Today I stepped on the scale and couldn't believe the number I saw. I had to step on it again ... 128 pounds. I have lost 40 pounds total since April. Unbelievable to me! I am just three pounds away from my goal weight of 125. Even though I still feel as if I have many, many pounds to go.
So what have I been doing to keep losing the weight? Many people have asked me that lately. I started off this weight loss adventure by just going to the gym and eating healthy. It worked and the weight slowly started coming off. Then, I switched to Isagenix. Which also worked well for me, but I just couldn't afford to keep using it and honestly I missed eating real food! Now, I'm back to just eating healthy and five days a week at the gym.
I am probably the most boring eater there is. I eat the same things all the time. Why? Well, partly because it's easier for me to control my calories and fat intake, but also because cooking for one is a little bit of a challenge! I start every day off with oatmeal topped with fruit and a little bit of brown sugar (after my one cup of coffee of course!). For lunch, I always have a salad. I eat snacks throughout the day when I'm hungry - fruit, string cheese or some graham crackers. For dinner, I basically eat what I want. Lately my options include turkey tacos, chicken burrito bowl, chicken tortilla soup, migas, chicken and veggies or something similar. (Apparently I eat a lot of chicken. And like Tex-Mex.) I always make sure to load up on the vegetables, but don't deny myself something if I want it (like Buffalo Wild Wings!). I stay away from processed foods as much as possible, don't eat much sugar and have a very limited carb intake. But I don't feel deprived and I don't feel as if I'm "dieting." In fact, this weekend I had a slice of Cold Stone ice cream cake!
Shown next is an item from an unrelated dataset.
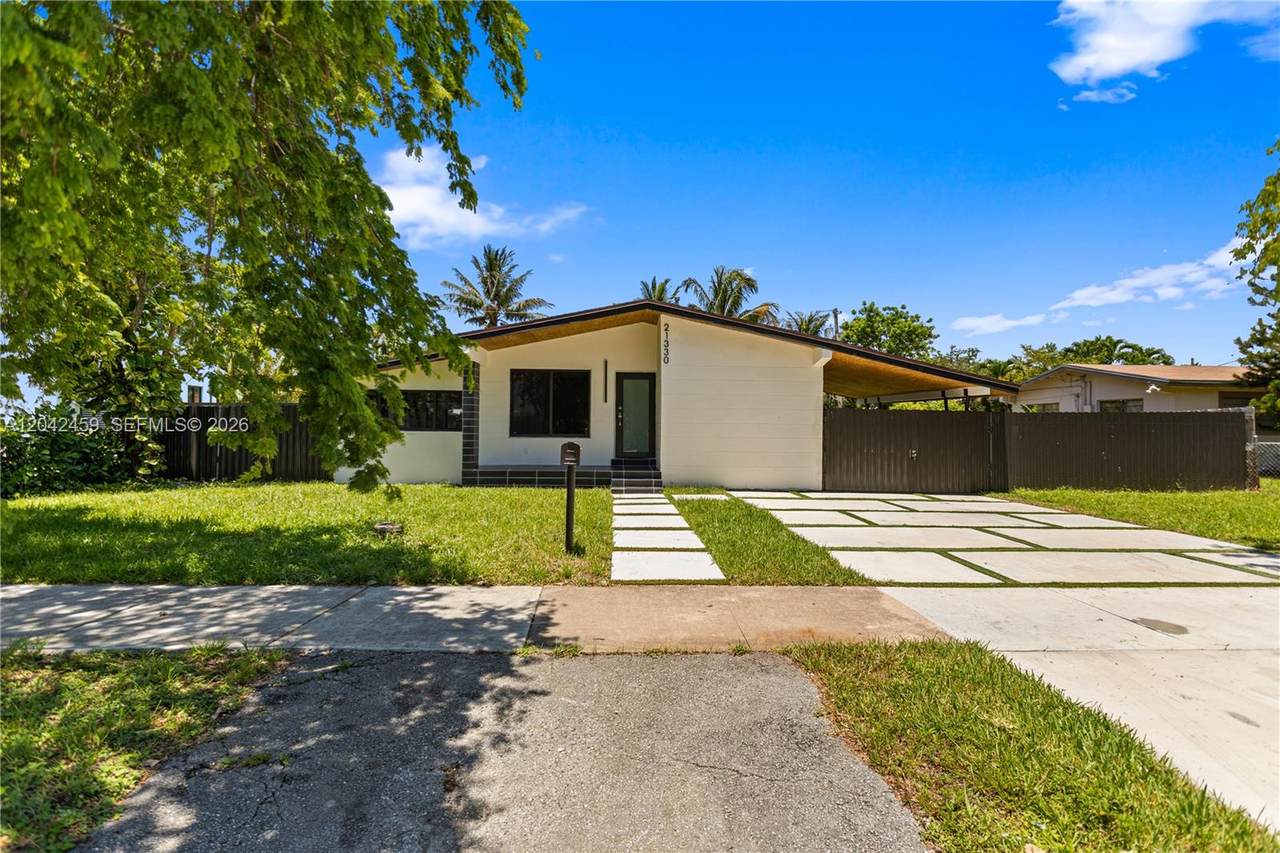 https://bt-photos.global.ssl.fastly.net/miami/1280_boomver_1_A12042459-3.jpg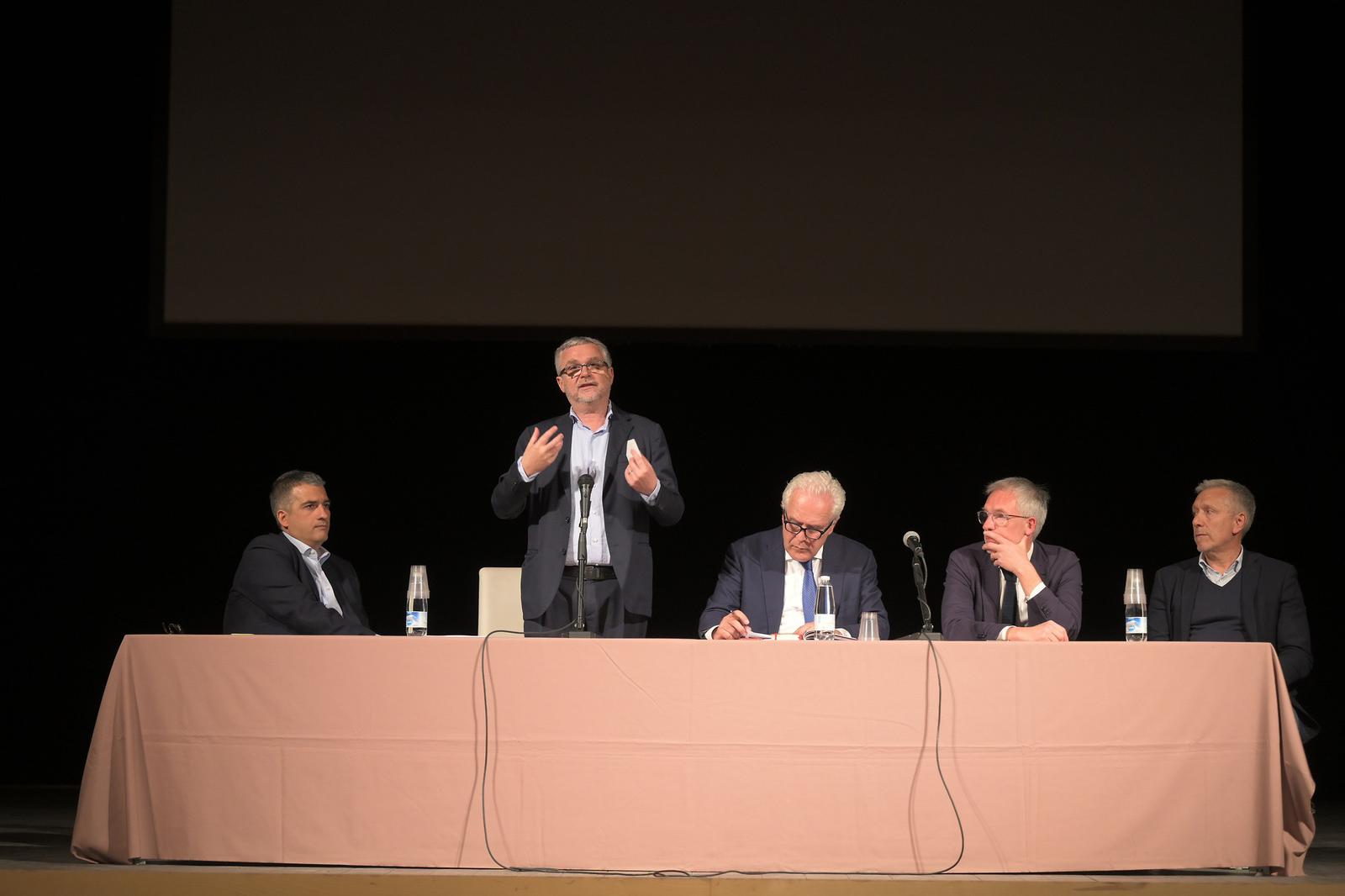 Immagine Metà mandato, Giani: "Al via il dialogo coi territori guardando alla Toscana 2030"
However, I still don't feel as if I'm thin. I still feel like the size 12 me, not the new size 2 me. I struggle so much with this perception of myself. I want to look in the mirror and see thin, sexy and beautiful, but I still can't. I want to be able to wear a bikini on my birthday vacation (because I'm keeping all my fingers and toes crossed that this still happens!), but I can't imagine putting this body in a bikini. How do I get past this negative perception of myself?? Seriously, I need advice!